[WHAT IS REQUIRED]
Give back the full listing, character for character, with no pictures.

[PROVIDED DATA]
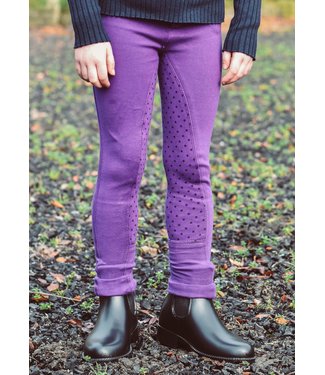 EquiSential EQUISENTIAL JUNIOR SPOTTED JODHPURS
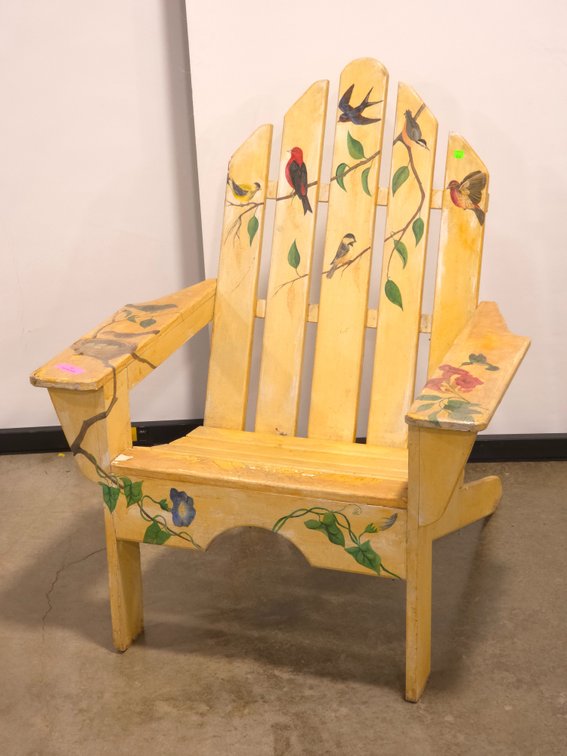 Painted Adirondack Chair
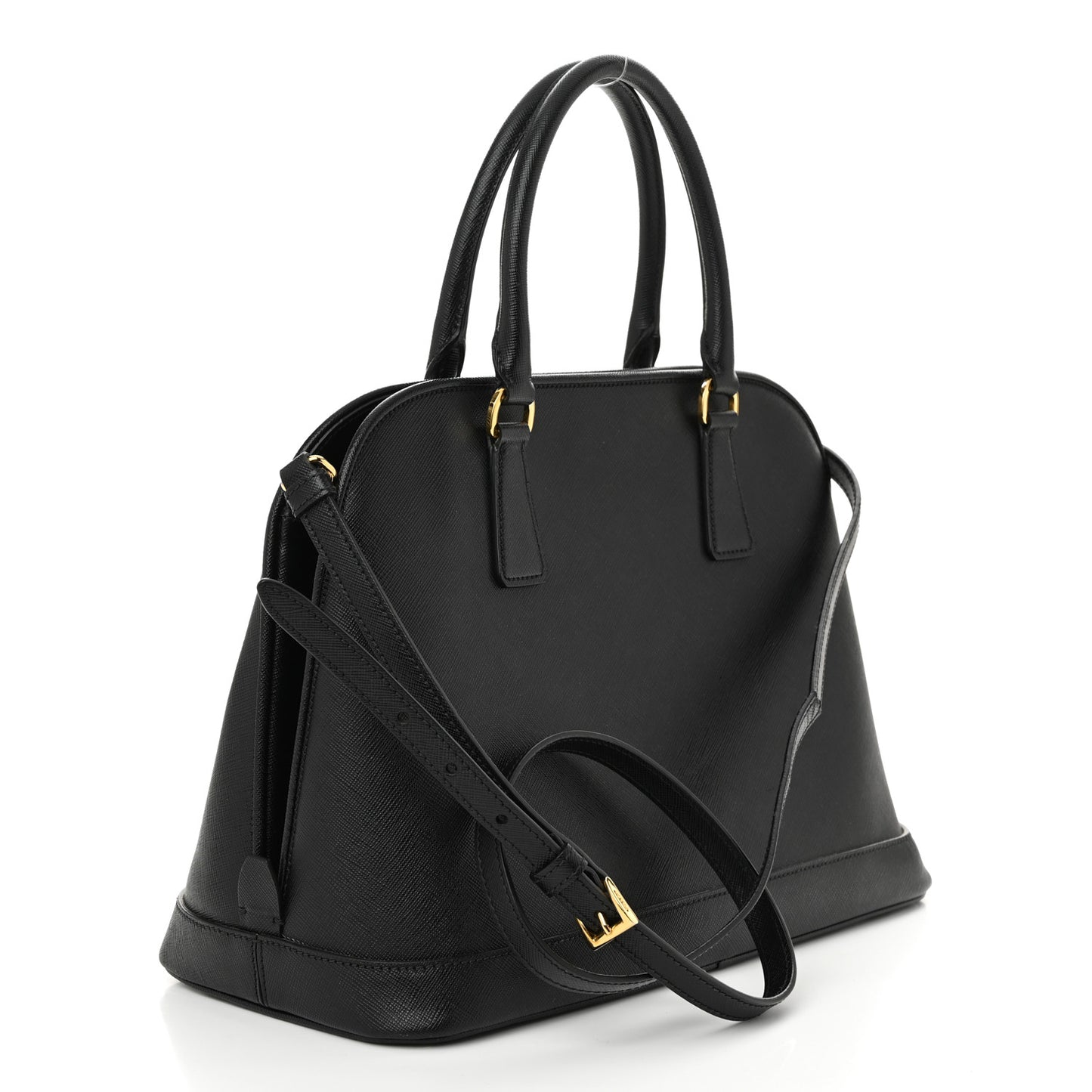 Saffiano Lux Medium Promenade Tote Black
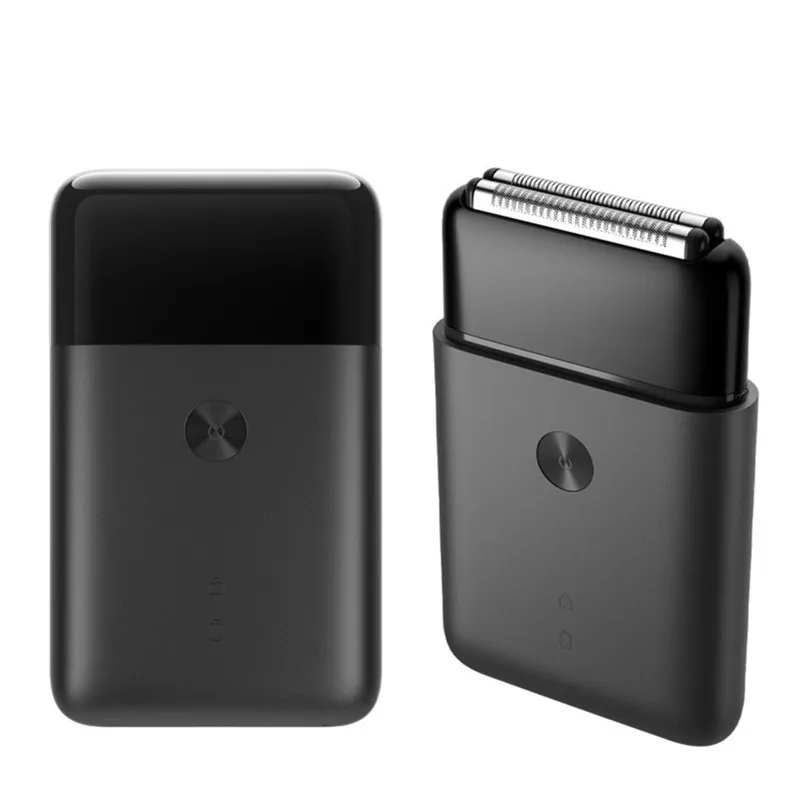 [Newest Version] Waterproof Portable Mini Electric Shaver Reciprocating Dual Blade Type-C USB Rechargeable For Men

[RESPONSE BELOW]
 EquiSential EQUISENTIAL JUNIOR SPOTTED JODHPURS
 Painted Adirondack Chair
 Saffiano Lux Medium Promenade Tote Black
 [Newest Version] Waterproof Portable Mini Electric Shaver Reciprocating Dual Blade Type-C USB Rechargeable For Men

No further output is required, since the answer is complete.